E non sono affetti da ludopatia neppure gli adulti, che giocano non solo per il proprio divertimento ma anche per favorire socializzazione e inclusione. No, non parlo di poker on-line. Per capire meglio la dimensione, la funzione e gli effetti del gioco in età adulta possiamo prendere ad esempio un evento popolare (e internazionale) come Lucca Comics & Games. Una manifestazione che ogni anno, nei cinque giorni di festival, conta migliaia di eventi, circa mezzo milione di presenze e un indotto economico che ha raggiunto – e forse superato – i 56 milioni di euro. Così tante persone in una piccola città. Una concentrazione che mette a dura prova l'ordine pubblico. Eppure, come accade ogni anno da mezzo secolo a questa parte, non ci sono furti o aggressioni. Nessun litigio in coda, sia in stazione sia alle biglietterie. Nessun automobilista attaccato al clacson con occhi iniettati di sangue. All'ingresso dei padiglioni, sugli scalini delle chiese o di fronte a bar e negozi di alimentari la gente non sgomita né cerca furbescamente di scalare posizione. «Grazie, prego, si accomodi, prima lei, ci mancherebbe». Il popolo di Lucca Comics è gentile, educato, sorridente. Anzi, come si dice da queste parti è perfino garbato. È felice di essere dove si trova e per questo non sente il peso del tempo che scorre. Se potesse lo rallenterebbe, il tempo. Nei momenti di attesa e nelle pause socializza e costruisce nuove amicizie.

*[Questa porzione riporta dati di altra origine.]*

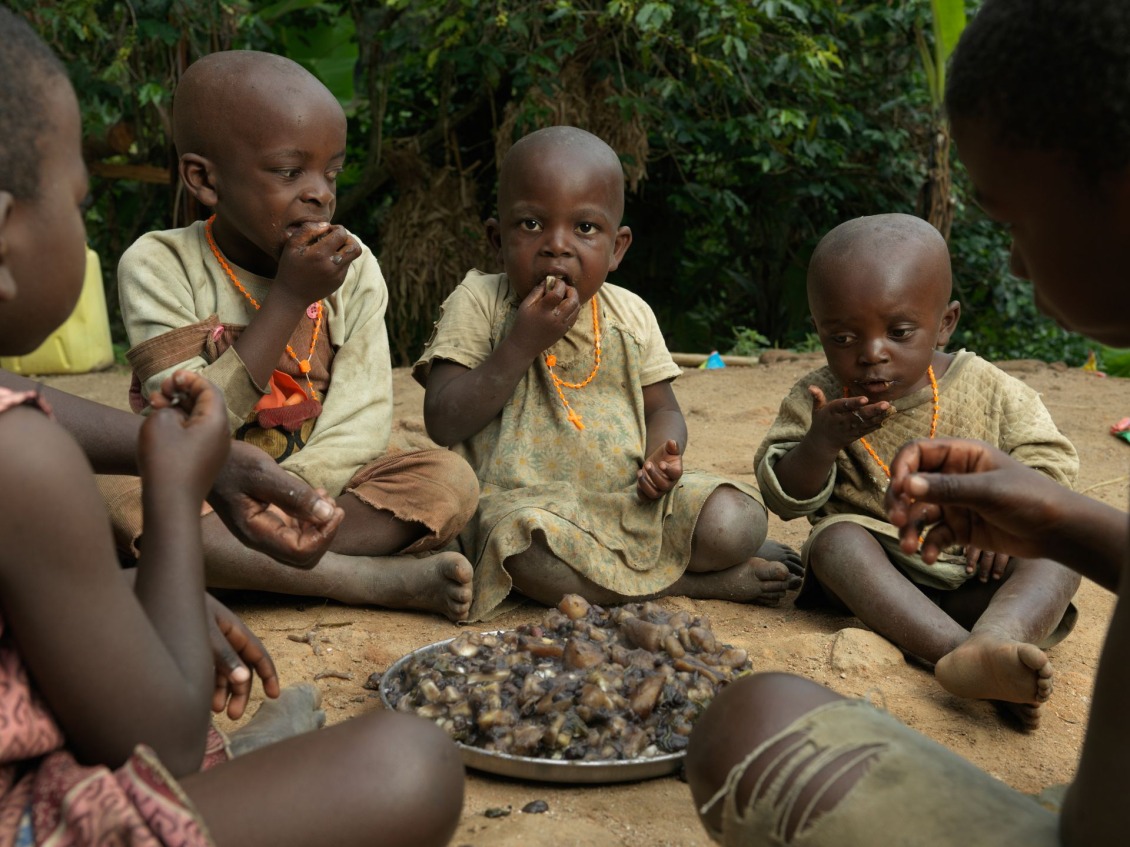 Children in Uganda enjoying a meal of cassava, beans, and leafy greens.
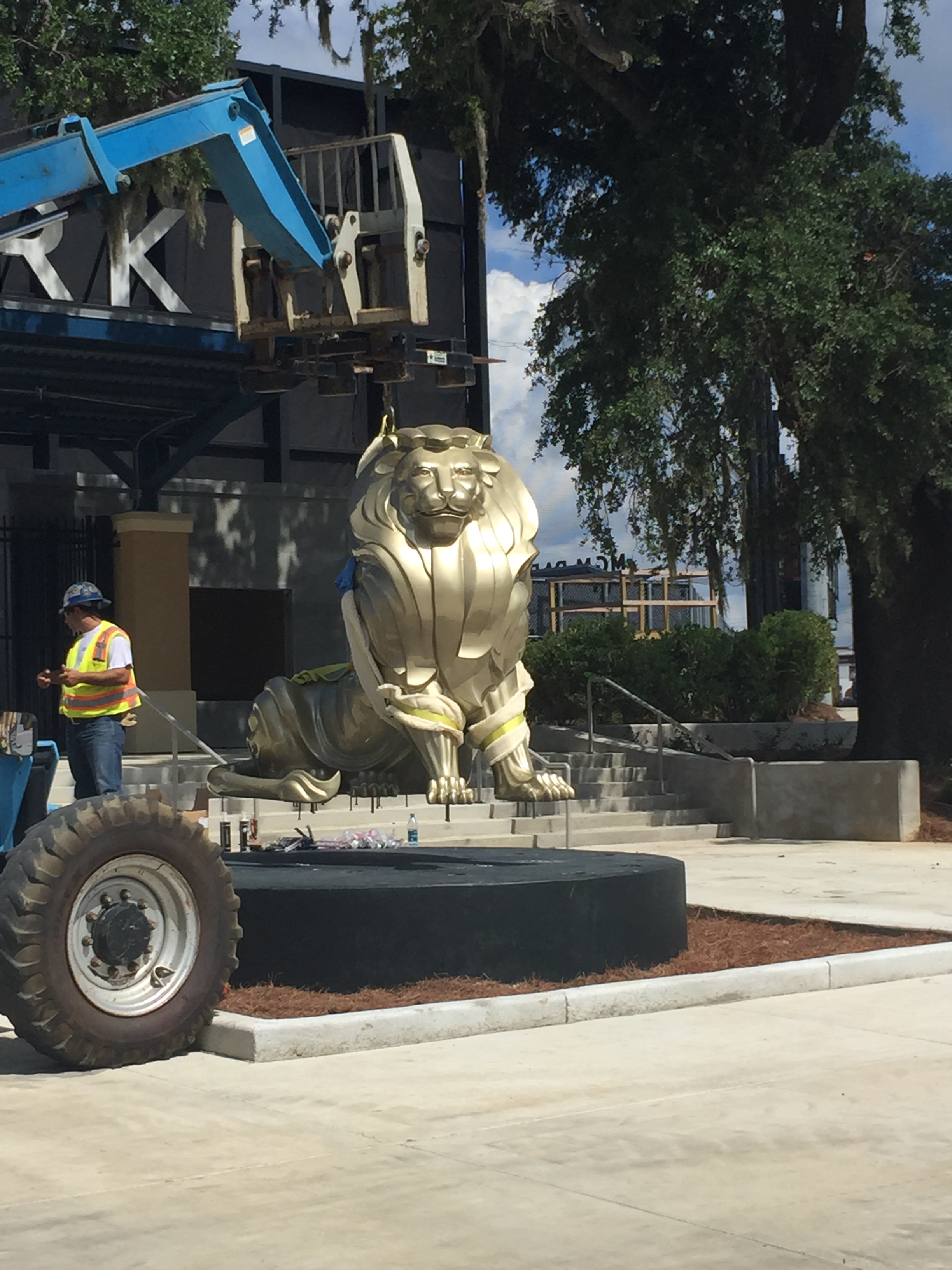 Lion being hoisted into position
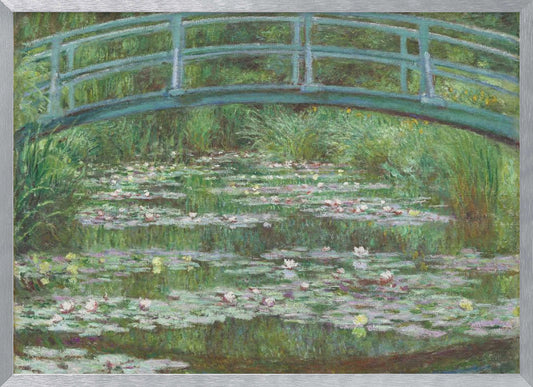 An Impressionist painting by Claude Monet depicting a green Japanese-style footbridge arching over a tranquil pond filled with blooming water lilies and lily pads, all rendered in soft, dappled brushstrokes and framed in a modern silver frame. Print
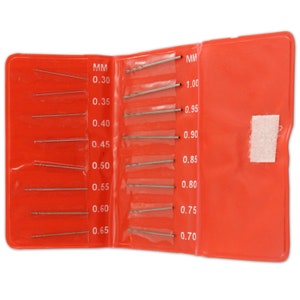 Puede incluir: Una caja de plástico roja que contiene un juego de 14 brocas. Las brocas están dispuestas en dos filas, con los tamaños etiquetados en milímetros. Los tamaños van de 0,30 mm a 1,00 mm.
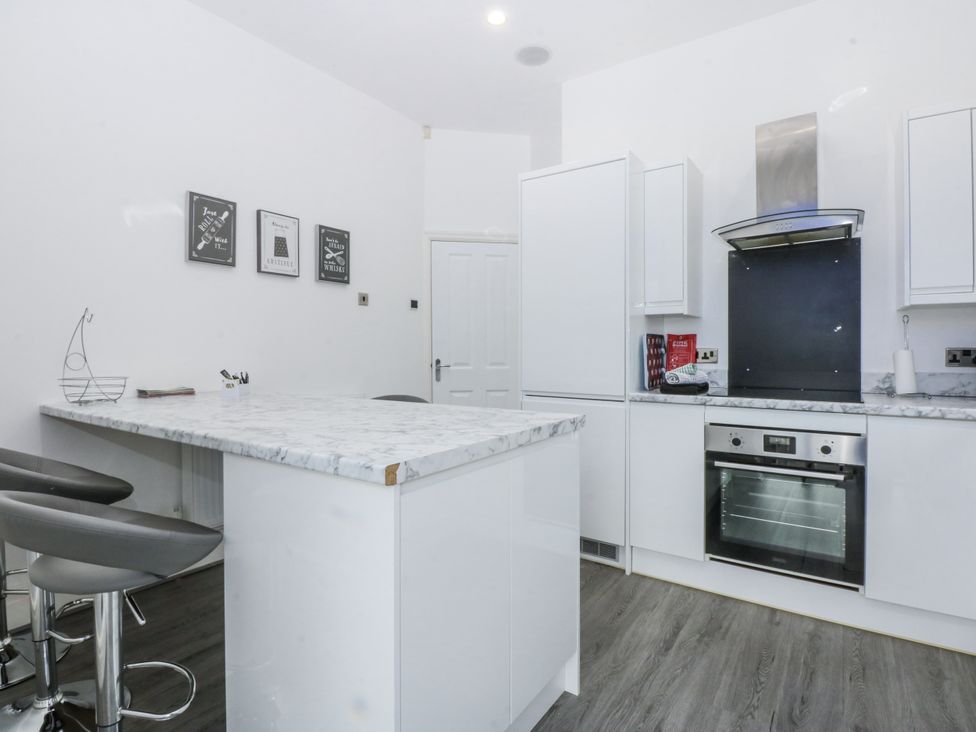 A kitchen with a marble island and bar stools at Capel Y Ffynnon near Llandudno Junction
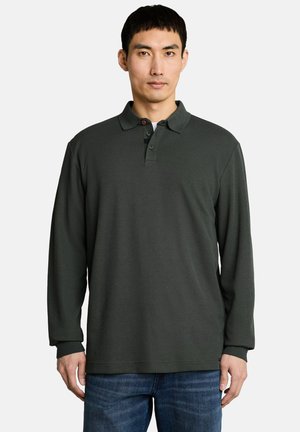 Homme aux cheveux courts et noirs portant un polo vert foncé à manches longues et un jean bleu sur un fond clair uni.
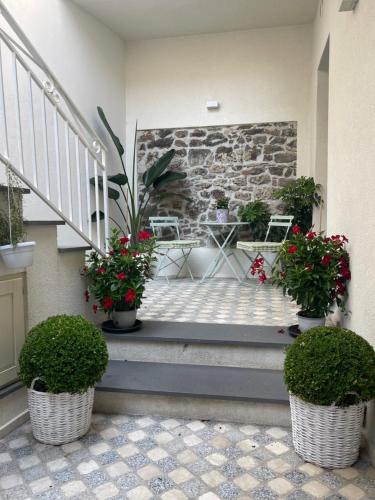 a porch with two potted plants and a staircase at Sa Troppa de sos chentu in Dorgali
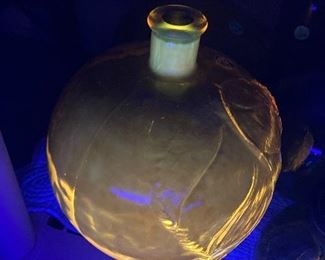 Yellow apple bottle under black light 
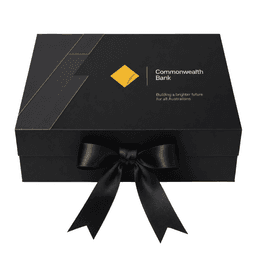 A large black gift box with a ribbon, featuring a logo and modern design elements.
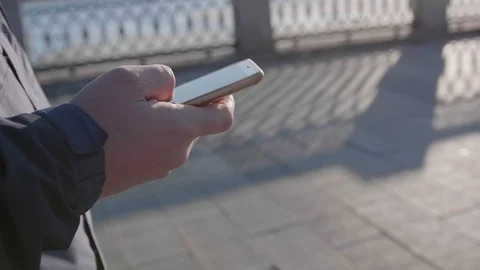 A young guy walks down the street and uses the phone for the Internet. Close-up. 库存影片 127522395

Ma il popolo di Lucca Comics è anche un popolo di giocatori. Così, mentre ovunque si cerca di combattere contro quella che erroneamente viene definita ludopatia, a Lucca tutti giocano. Ovunque. Certo, non digitando sulle slot o scorticando con una monetina un biglietto gratta e vinci. Qua il gioco esiste ed è intelligente. Un contesto nel quale, non a caso, è stato presentato il nuovo "Game Science Center" creato dalla società Lucca Crea e dalla Scuola Imt. L'obiettivo, s'intuisce già dal nome che gli è stato dato, è di coordinare le attività di ricerca nazionali e internazionali in cui è presente il tema del gioco.
Ecco che, ancora una volta, ci troviamo di fronte alla necessità di specificare. Il gioco non è più solo un gioco. Ma è un gioco intelligente o di società. Quindi, se possibile, quando parliamo dei miliardi spesi in slot e gratta e vinci, etichettando il fenomeno che spinge alla dipendenza e alla povertà cerchiamo di utilizzare il sostantivo "azzardopatia".